In situ high-pressure X-ray diffraction study was performed on synthetic lead feldspar with composition PbAl2Si2O8 (PbFsp). The crystals were synthesized from the melt and thermally treated at T = 1150 °C for 12 h and at T = 1000 °C for 70 h. At room condition the unit-cell parameters are a = 8.3936(4), b = 13.0498(7), c = 14.3258(8) Å, β = 115.281(6)°, V = 1418.9(1) Å3; space group: I2/c; Qod = 0.7.
A single-crystal of lead feldspar was loaded in an ETH-type diamond-anvil cell and unit-cell parameters were measured at 26 different pressures up to 8.4 GPa at room T. The evolution with P of the unit-cell parameters and volume shows a strong discontinuity between 7.7 and 8.2 GPa indicating a first-order phase transition.
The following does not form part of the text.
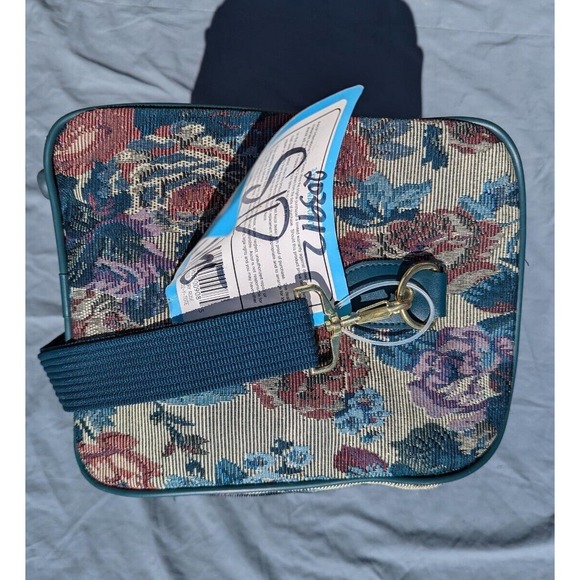 Ascot Travel Carry-on Floral Canvas Bag Luggage Vintage- Unused- Shoulder Strap - Picture 7 of 11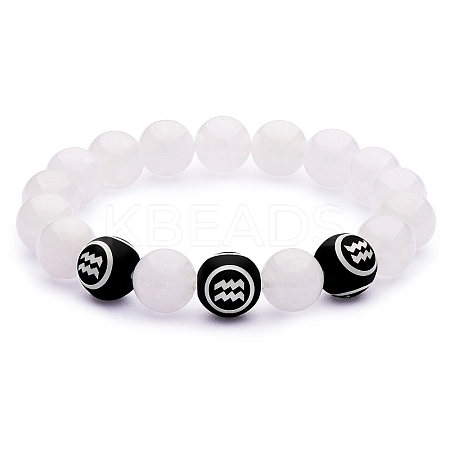 Natural White Jade Round Beaded Stretch Bracelet BJEW-SW00077-12-1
The discontinuous character of the transition is especially noticeable in the behavior of the β angle, which decreases from 114.83° to 114.03°, and in the b parameter, which reduces from 12.746 to 12.567 Å.
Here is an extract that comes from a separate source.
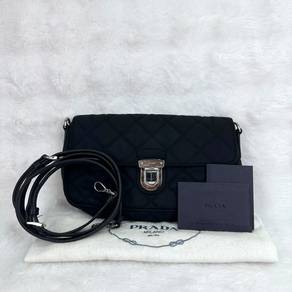 Prada Tessuto Black Quilted Nylon Flap Bag SHW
In the P range 0.0001–7.72 GPa, the trend shown by the axial compressibility (βa > βc > βb) is similar to that observed in the previous HP powder diffraction study, performed on lead feldspar using high-brilliance synchrotron radiation up to 7.1 GPa.
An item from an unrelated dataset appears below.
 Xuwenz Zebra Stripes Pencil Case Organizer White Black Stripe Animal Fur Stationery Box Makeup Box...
In the P range 0.0001–4.27 GPa at room T, the P-V data of the I2/c lead feldspar were fitted with a second-order Birch-Murnaghan EoS. The parameters obtained are: V0 = 1422.2(1) Å3 and KT0 = 76.4(9) GPa. At P > 4.27 GPa, the volume values deflect from the BM2 curve and show a volume softening, precursor of the reported HP phase transition. A volume softening was recently observed in strontium feldspar (SrFsp) above 4.2 GPa.
A second crystal of PbFsp was loaded in the DAC cell and in situ high-pressure X-ray diffraction intensities were measured at P = 0.0001, 2.4, 3.1, 5.4, 6.0, 7.2, 8.4, and 9.7 GPa. The appearance of c and d-type reflections at 8.4 GPa, the analysis of the systematic absence and the structural refinements indicate the HP first-order transformation as an I2/c-P21/c phase transition. Structural results show that the main variations with compression in lead feldspar are in Pb-O bond lengths and in T-O-T bond angles, while T-O distances and O-T-O angles do not change meaningfully, indicating that the Si,Al tetrahedra behave with pressure as a rigid body. Changes observed in the compressional behavior of the structure between 3 and 5 GPa could explain the softening observed at P > 4 GPa in the volume compressibility.
The results obtained in the present work allow comparing the pressures of the HP I2/c-P21/c phase transition occurring in lead feldspar with those observed in alkaline-earth feldspars.